The cute culprit
The innocent bystander
Today’s adventure can be summed up using the words of my mother-in-law to her husband, “Lindsay and Whit don’t know it yet but they have just been taken off our life insurance policy.” Today, Deborah and Terry began to feel like Lindsay and I were looking to “bump them off” early.
After two nights in a row of forcing Lindsay’s parents to experience Korea by ingesting foods that make newly-arrived Westerners’ stomachs do somersaults, Lindsay decided today was the day we would force them to hike up Gwangju’s highest point: Mt. Mudeung. (Let the record show, I voted for a day trip to a place far warmer.) I tried to warn the group that it was cold outside when I returned home from the market this morning, but only Terry got the message. The girls teased him all the way to the bus stop about the 5 layers he was wearing.
We caught the 1187 bus out to Mudeung from downtown. The 1187 this morning felt like a sauna on four wheels jam-packed with 30 Koreans. At times, as we went on two wheels around hairpin turns; it all felt like a bad dream. Terry, in all five of his layers, seemed to suffer the most.
The initial scan of the peak of Mudeung looked very ominious. Had any of us been the type to buy into omens, we would have tucked tail and run at that moment, but we didn’t. Lindsay, in her highwaters, one layer and vest led the charge. About 5 minutes into the hike she asked for my jacket.

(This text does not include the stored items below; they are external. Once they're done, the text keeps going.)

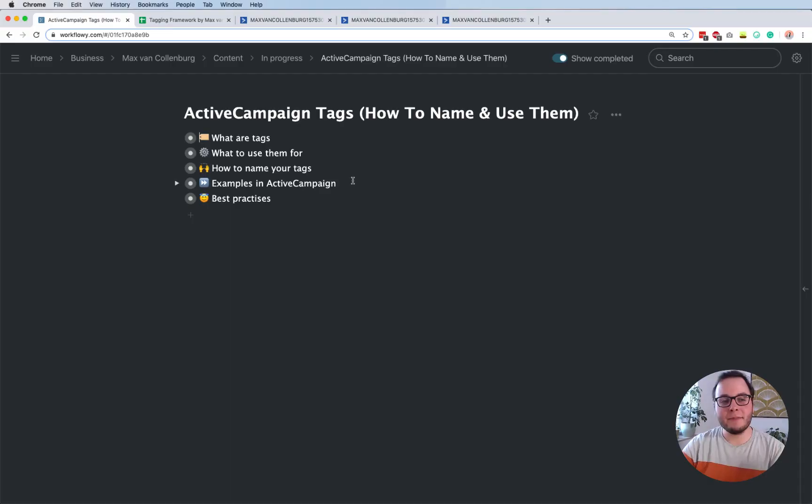Hey, this is Max here and in this tutorial I want to show you how to use tags inside ActiveCampaign. First I want to explain what they are, then how you can actually use them, then some quick tips about how to name them, and then I also want to show you some automations about how I use tags inside those. So let's dive right in.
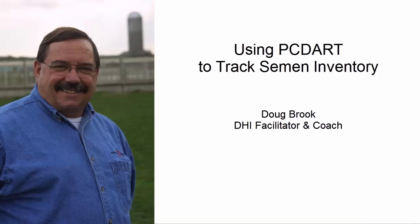Hello, I am Doug Brooke, North Star Cooperative's DHI facilitator and coach. Today we are going to be working with the semen inventory, a part of PCDART that will keep track of the semen inventory.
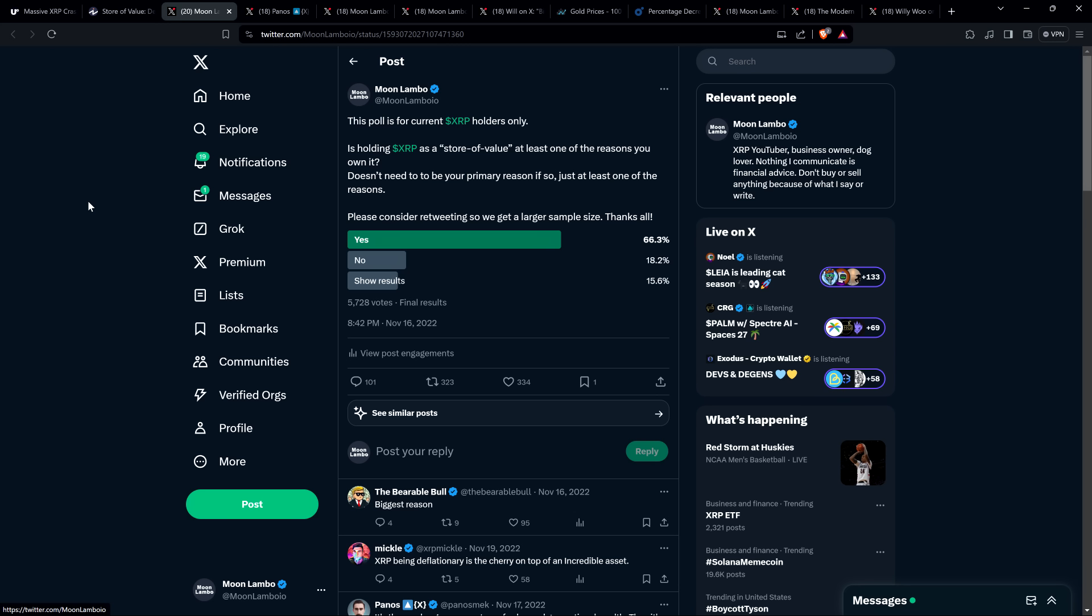And then there was a third option I included in case people came in and maybe if they weren't XRP holders, but they wouldn't see the results, they could just click show results. I was hoping that would skew it less. That's the reason I had that there. 15.6% of respondents voted show results. So overwhelming. So if you just look at the yes versus no, that is gigantic. If you consider that yes and no are the only actual XRP holders, which might be the case, overwhelming. I mean, you're talking over 75% of respondents holding XRP say, yeah, I'm doing it because it's a store of value.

The hike up wasn’t too bad. We chose a path sheltered from the high winds, but it was very steep and slippery. About three-fourths of the way up, I began to feel as if I were losing favor with my in-laws. Desperate, I sold Lindsay out, “I just want to remind everyone that I voted for a day-trip
somewhere else.” My claim fell on deaf ears. The bus ride to Mudeung had left a bad taste in Terry and Deborah’s mouths. My idea sounded as bad as Lindsay’s.

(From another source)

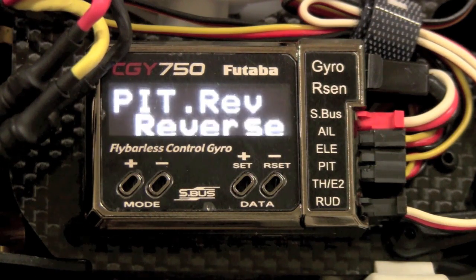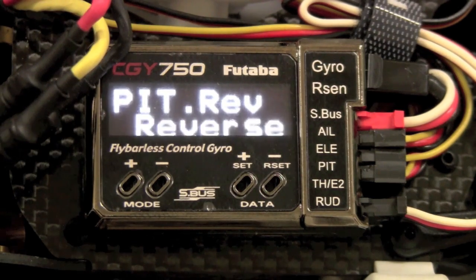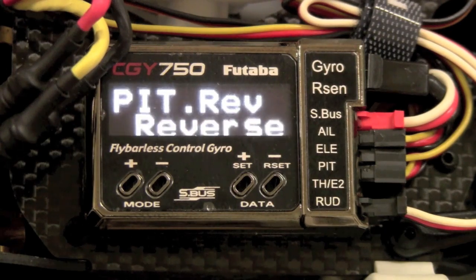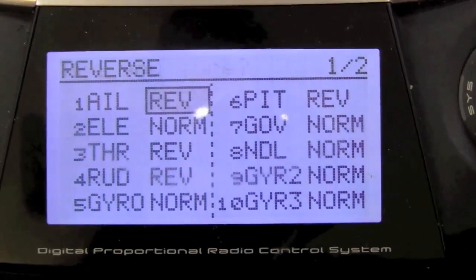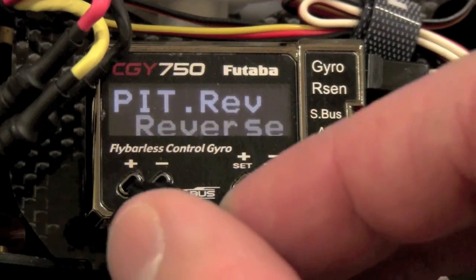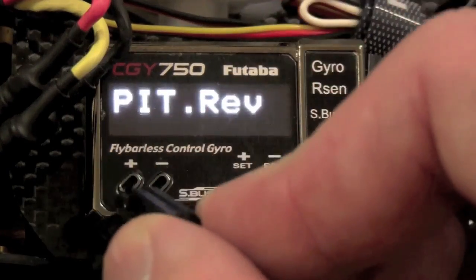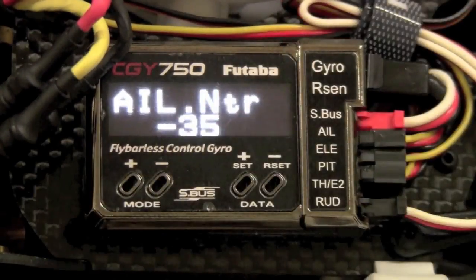Those of you familiar with old CCPM stuff — if you move your collective stick up and the swash went down when it should go up, you would reverse that positive number to a negative number. In your radio, that's where you're going to do your reversing to get everything set. That's really the only tricky part of the 750 — just to get everything set so you know where to reverse stuff.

We ascended higher and higher, slowly losing feeling of our feet and hands, wondering how any of us could be so stupid as to not dress for the occasion.
Finally, we decided to turn back. We were close enough to the top we could smell it, but unfortunately our noses were too frozen to perform their main function. It was sometime on the way down that it was suggested to Lindsay and I that we were attempting to essentially bring an early death to Terry and Deborah. A Korean Kibosh.

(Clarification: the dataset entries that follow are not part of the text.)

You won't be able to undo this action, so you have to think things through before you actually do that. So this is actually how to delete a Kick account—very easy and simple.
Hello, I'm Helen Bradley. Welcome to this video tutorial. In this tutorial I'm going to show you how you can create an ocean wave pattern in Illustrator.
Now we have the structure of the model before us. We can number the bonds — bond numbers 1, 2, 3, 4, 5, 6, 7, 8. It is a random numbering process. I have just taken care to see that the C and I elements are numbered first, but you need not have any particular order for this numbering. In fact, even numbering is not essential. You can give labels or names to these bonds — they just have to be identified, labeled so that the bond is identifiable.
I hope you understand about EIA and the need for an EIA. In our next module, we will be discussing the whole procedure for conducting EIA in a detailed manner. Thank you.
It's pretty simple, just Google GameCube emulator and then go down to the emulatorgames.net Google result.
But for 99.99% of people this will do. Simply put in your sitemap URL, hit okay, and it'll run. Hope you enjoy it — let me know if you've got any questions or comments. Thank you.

Thankfully, this did not happen, and just to show that we were in no way trying to freeze Terry and Deborah to death, Lindsay insisted we go down some Green Tea milkshakes. Then just to rub salt in the wounds, they returned to an apartment with open windows, left open by yours truly. But in all honesty, a winter trip to Korea wouldn’t be authentic with out contracting some sort of head cold or pneumonia. We are just being good hosts.